I was curious about Buddhism and other Eastern Philosophy (I know the philosophy/religion line is pretty blurred there), not because I want another religion, but because enough people I respect have found meaning in it that, yeah, there must be something there worth exploring. If not a credible religion, at least a new way of thinking, or something.

But when I looked up the basics of it, my first instinct was to find the flaws and be skeptical. Then I realized I would do that with most Western Philosophy too (which I currently know very little of). And that skepticism tends to be my default approach to anything - "schools of thought," personality theories, psychological disorders, etc. Obviously it's the right attitude for astrology and Catholicism, but is it the right attitude for everything?

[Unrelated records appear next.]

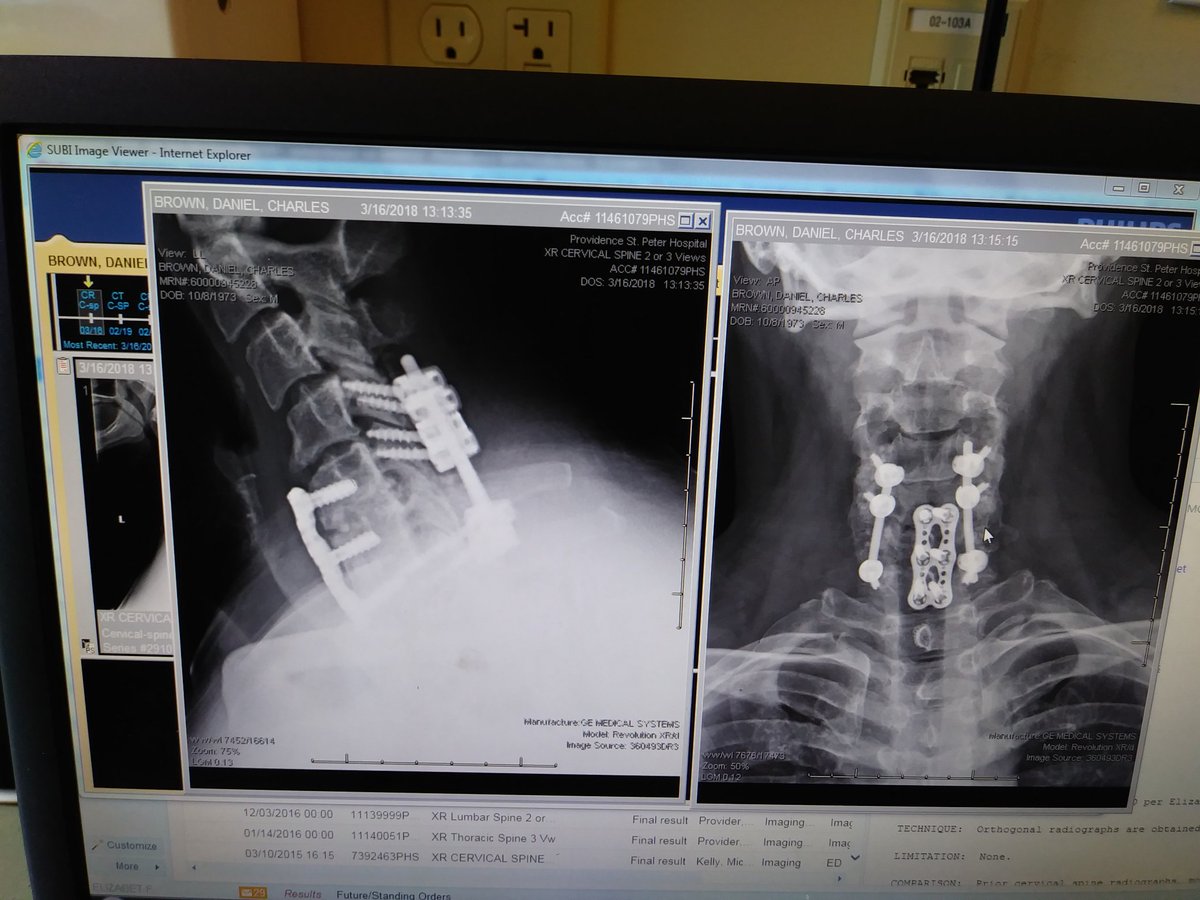 DanielCBrown3's tweet photo. @DonaldJTrumpJr @realDonaldTrump I'm a non combat veteran a Christian a NRA member and most of all born and bread AMERICAN. I need my President to step in and pardon my record so I can get back to work and support my family. I haven't driven in 12 years I beat epilepsy  don't take medication https://t.co/KLyf5nGqNJ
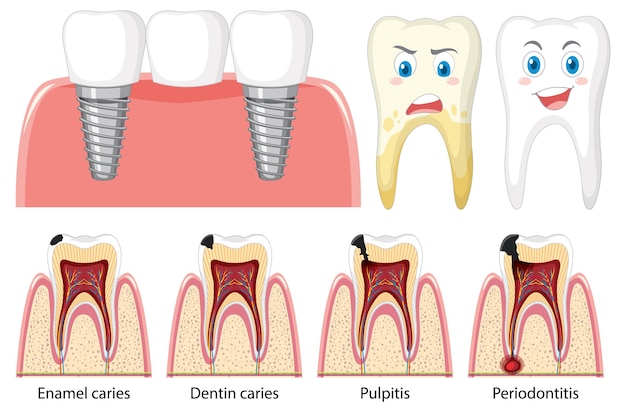 Set of all types of teeth on white background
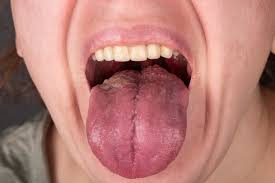 silent signs of mouth cancer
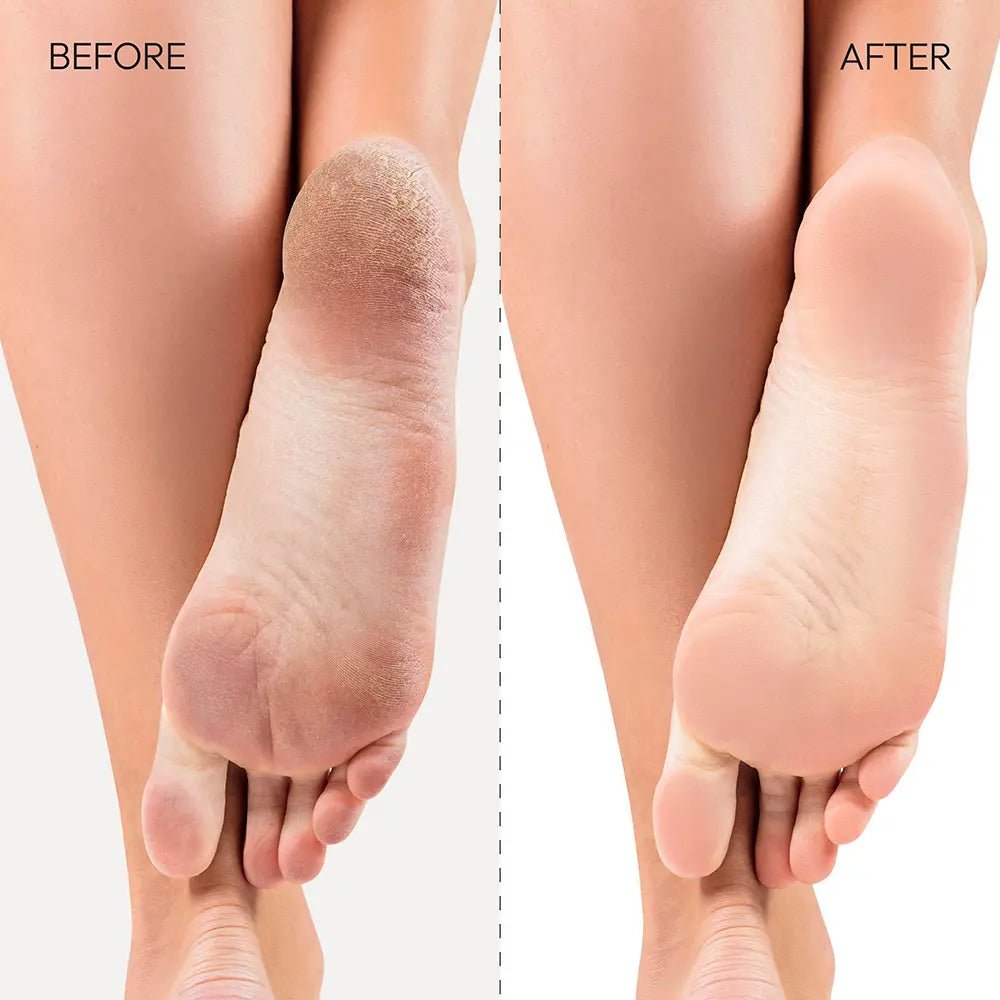 Kiss New York Dual - Sided Foot File - Regular - Beauty Exchange Beauty Supply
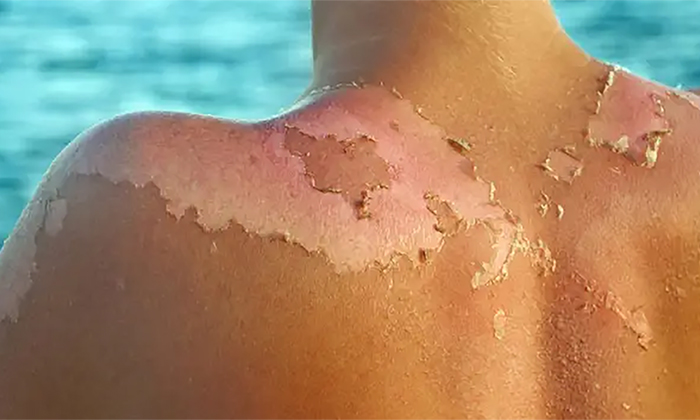Urgen a protegerse del sol para evitar quemaduras y cáncer de piel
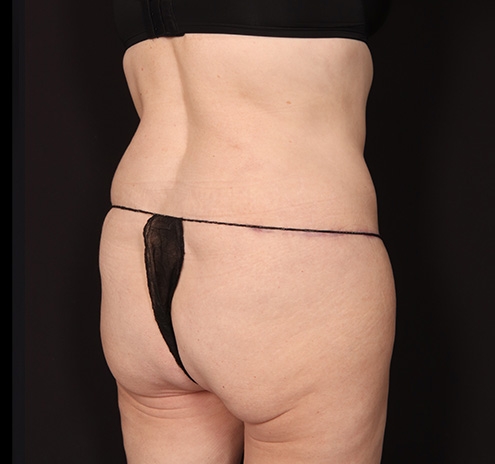 New Jersey Tummy Tuck Before & After Gallery - Patient 198833 - Image 8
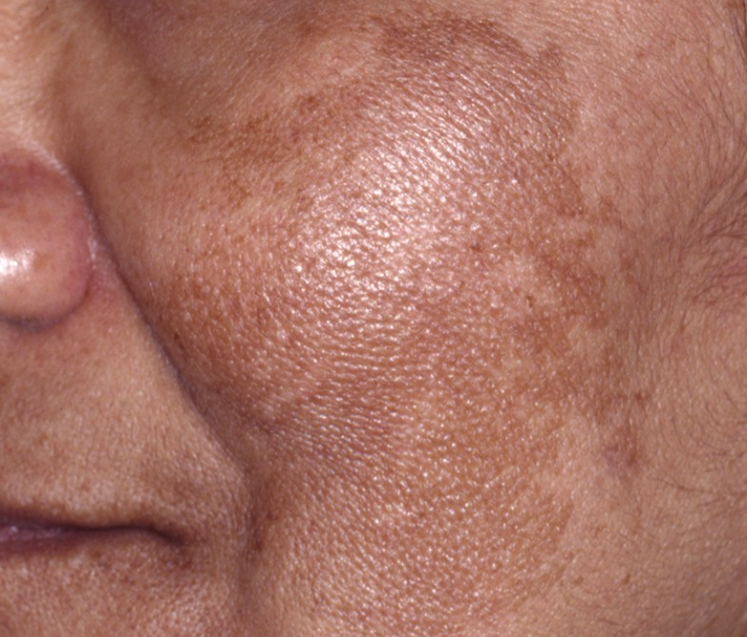 Hyperpigmentation & Melasma – Even Out Your Skin. Reclaim Your Radiance.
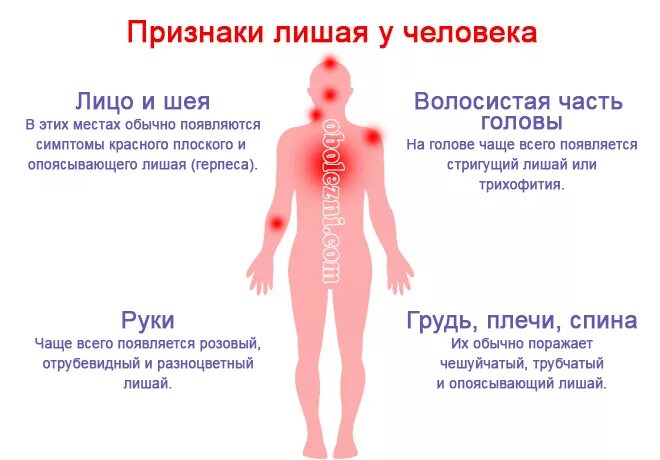 Показать как выглядит лишай Герпес на теле у ребенка: рекомендации педиатра и 6 этапов развития болезни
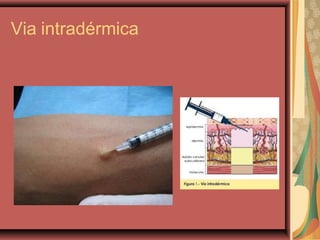Via intradérmica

Anyone else a little tired of being skeptical? I feel like I'm missing out. I think what I need is to slightly believe something without dogmatically believing it. Or just to read things and absorb them without constantly deciding whether they're flawed (most of them probably are).

Thoughts?
I'm actually not skeptical of much. Maybe I'm just trusting. I don't think most politicians are evil, for example. I think that most of them are doing what they think is best for their constituency. When a friend wants to borrow $20 with the promise that he will repay it in a week, I tend to believe him. On the other hand, when I encounter some abstract notion that has importance to me, I generally think it through in a logical, objective manner. Consequently I give a thumbs down to virtually all internet conspiracy theories, as well as all of the major religions. This is not to say that I could not go into a church and be a part of the congregation, but as far as being a believer of the faith, the answer would be no.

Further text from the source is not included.